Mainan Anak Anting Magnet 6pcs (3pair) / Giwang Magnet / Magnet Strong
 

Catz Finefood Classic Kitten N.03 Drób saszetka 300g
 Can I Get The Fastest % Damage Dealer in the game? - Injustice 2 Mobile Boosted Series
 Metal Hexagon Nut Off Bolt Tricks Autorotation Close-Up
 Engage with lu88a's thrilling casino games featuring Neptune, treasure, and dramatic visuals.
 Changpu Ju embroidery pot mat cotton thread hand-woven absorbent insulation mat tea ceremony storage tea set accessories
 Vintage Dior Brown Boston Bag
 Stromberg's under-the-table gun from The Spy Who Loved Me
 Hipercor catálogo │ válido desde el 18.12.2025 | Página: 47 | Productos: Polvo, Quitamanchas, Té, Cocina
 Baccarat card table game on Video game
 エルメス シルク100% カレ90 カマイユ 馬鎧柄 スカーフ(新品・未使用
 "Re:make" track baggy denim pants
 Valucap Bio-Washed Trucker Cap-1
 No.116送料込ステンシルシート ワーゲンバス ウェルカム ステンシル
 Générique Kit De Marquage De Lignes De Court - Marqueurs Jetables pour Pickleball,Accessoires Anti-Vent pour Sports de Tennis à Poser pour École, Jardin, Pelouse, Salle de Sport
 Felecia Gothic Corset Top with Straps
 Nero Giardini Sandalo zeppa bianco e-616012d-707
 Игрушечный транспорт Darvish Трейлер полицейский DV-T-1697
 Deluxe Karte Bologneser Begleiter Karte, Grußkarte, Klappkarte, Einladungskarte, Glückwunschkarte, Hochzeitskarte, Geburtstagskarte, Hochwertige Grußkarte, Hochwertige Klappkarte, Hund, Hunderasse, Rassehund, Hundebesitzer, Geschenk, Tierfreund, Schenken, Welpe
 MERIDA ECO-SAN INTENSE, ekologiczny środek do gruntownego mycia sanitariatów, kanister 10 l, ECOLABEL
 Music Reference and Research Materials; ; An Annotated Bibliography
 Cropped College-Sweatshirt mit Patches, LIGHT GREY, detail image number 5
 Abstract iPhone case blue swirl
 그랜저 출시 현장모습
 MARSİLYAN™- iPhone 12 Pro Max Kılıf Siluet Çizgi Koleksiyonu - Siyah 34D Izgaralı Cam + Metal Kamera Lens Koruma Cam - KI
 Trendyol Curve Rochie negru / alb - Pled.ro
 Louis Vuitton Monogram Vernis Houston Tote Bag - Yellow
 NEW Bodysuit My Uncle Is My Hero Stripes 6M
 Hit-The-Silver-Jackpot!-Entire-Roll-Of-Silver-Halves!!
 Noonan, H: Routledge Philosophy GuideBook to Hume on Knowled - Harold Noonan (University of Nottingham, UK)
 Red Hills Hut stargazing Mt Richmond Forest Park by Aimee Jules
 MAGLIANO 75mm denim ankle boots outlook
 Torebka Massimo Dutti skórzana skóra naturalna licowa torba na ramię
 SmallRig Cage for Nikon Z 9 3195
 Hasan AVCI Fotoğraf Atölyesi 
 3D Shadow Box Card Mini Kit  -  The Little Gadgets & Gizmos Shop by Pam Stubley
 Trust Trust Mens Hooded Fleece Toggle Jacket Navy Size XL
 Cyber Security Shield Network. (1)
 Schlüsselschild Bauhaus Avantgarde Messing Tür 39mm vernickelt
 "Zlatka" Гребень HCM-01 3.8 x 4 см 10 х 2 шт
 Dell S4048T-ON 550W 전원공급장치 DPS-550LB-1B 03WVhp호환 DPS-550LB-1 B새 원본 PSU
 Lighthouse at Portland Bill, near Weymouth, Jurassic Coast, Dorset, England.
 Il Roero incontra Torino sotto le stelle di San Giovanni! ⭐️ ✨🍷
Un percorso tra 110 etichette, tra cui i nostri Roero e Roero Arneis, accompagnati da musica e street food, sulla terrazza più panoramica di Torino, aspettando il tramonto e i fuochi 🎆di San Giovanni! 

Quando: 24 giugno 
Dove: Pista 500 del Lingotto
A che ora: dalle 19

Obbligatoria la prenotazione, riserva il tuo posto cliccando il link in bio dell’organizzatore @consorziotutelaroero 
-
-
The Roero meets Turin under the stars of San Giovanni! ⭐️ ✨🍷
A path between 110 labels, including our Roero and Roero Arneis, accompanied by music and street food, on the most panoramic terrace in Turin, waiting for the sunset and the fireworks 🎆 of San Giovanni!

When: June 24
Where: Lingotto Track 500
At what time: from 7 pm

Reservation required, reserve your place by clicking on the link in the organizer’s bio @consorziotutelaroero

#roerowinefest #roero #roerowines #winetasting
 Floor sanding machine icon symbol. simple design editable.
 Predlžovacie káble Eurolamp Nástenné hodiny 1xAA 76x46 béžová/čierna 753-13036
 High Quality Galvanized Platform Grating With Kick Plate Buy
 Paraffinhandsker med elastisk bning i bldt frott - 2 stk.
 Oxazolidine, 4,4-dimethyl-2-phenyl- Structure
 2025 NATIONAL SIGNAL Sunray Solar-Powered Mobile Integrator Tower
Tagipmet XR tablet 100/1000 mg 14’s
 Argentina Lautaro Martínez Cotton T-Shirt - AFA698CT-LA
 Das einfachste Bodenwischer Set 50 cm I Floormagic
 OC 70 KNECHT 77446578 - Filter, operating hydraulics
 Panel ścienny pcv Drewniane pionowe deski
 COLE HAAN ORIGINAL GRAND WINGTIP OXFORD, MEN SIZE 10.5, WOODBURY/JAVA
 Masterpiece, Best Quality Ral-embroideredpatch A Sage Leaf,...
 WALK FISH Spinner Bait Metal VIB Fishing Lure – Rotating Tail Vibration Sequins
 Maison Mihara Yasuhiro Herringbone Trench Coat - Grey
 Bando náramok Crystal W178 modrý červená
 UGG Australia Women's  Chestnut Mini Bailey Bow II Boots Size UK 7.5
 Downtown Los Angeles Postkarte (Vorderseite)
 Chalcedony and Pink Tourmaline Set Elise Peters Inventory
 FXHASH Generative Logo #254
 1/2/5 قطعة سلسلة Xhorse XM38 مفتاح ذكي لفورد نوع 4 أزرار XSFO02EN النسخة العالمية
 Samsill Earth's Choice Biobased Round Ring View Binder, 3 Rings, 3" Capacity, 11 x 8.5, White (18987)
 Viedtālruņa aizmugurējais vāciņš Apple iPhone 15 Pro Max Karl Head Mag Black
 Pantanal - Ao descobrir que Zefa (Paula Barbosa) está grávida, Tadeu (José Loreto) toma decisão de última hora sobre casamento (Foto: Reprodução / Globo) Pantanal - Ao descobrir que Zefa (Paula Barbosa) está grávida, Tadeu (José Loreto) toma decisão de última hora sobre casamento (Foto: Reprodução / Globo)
---
• _The task_: Reproduce, word for word and in full, only the lines above that start at the line with "The Roero meets" and run through the line with "High Quality Galvanized", both ends included.

• _Response for this exercise_:
The Roero meets Turin under the stars of San Giovanni! ⭐️ ✨🍷
A path between 110 labels, including our Roero and Roero Arneis, accompanied by music and street food, on the most panoramic terrace in Turin, waiting for the sunset and the fireworks 🎆 of San Giovanni!

When: June 24
Where: Lingotto Track 500
At what time: from 7 pm

Reservation required, reserve your place by clicking on the link in the organizer’s bio @consorziotutelaroero

#roerowinefest #roero #roerowines #winetasting
 Floor sanding machine icon symbol. simple design editable.
 Predlžovacie káble Eurolamp Nástenné hodiny 1xAA 76x46 béžová/čierna 753-13036
 High Quality Galvanized Platform Grating With Kick Plate Buy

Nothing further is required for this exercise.